Mr. Sekolec and his co-author Mr. Eliasson have presented an enlightening and comprehensive survey of the common and diverging aspects of the Swedish Arbitration Act of 1999 (“the Swedish Act”) and the UNCITRAL Model Law on International Commercial Arbitration of 1985 (“the Model Law”).
Suffice it to say that the points in common are far more extensive than are the divergences, since in the long and careful drafting process that led up to the adoption of the Swedish Act considerable efforts were made by the Swedish draftsmen to benefit from the modern and pro-arbitration thinking and principles that had gone into the Model Law.

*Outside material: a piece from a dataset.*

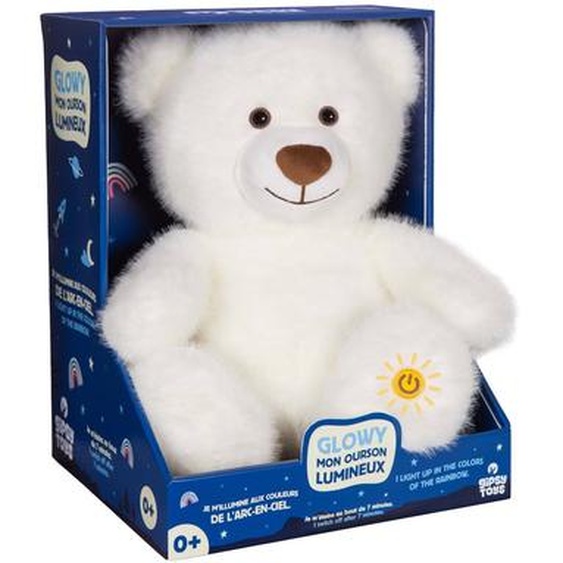 Peluche Veilleuse Glowy, Mon Ourson Lumineux Beige – 24 Cm Blanc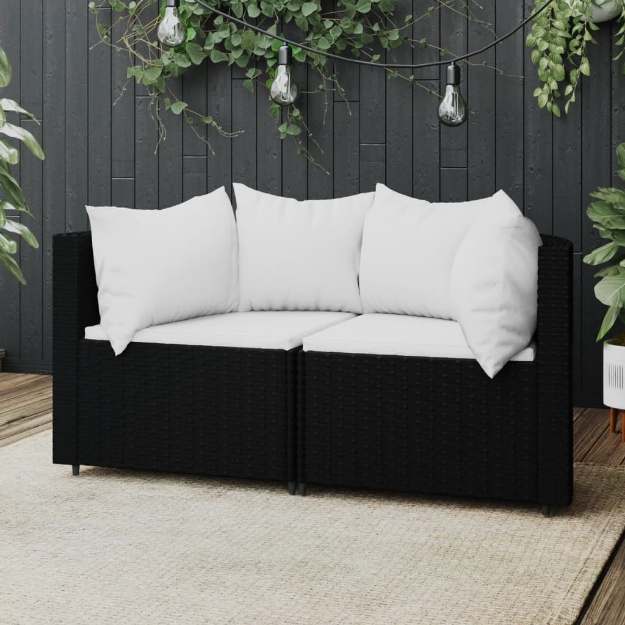 Divani Angolari da Giardino con Cuscini 2pz in Polyrattan Nero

Still, in certain areas, some notable differences in approach exist. These areas have been identified by Mr. Sekolec and Mr. Eliasson in their presentation. I would like to focus my comments on one of these areas, namely the role of the courts in reviewing whether a dispute is properly subject to arbitral jurisdiction.
Both the Swedish Act and the Model Law recognize the well-established principle of “competence-competence.” Article 2(1) of the Swedish Act stipulates that “The arbitrators may rule on their own jurisdiction to decide the dispute.” And Article 16(1) of the Model Law provides that “The arbitral tribunal may rule on its own jurisdiction, including any objections with respect to the existence or validity of the arbitration agreement.”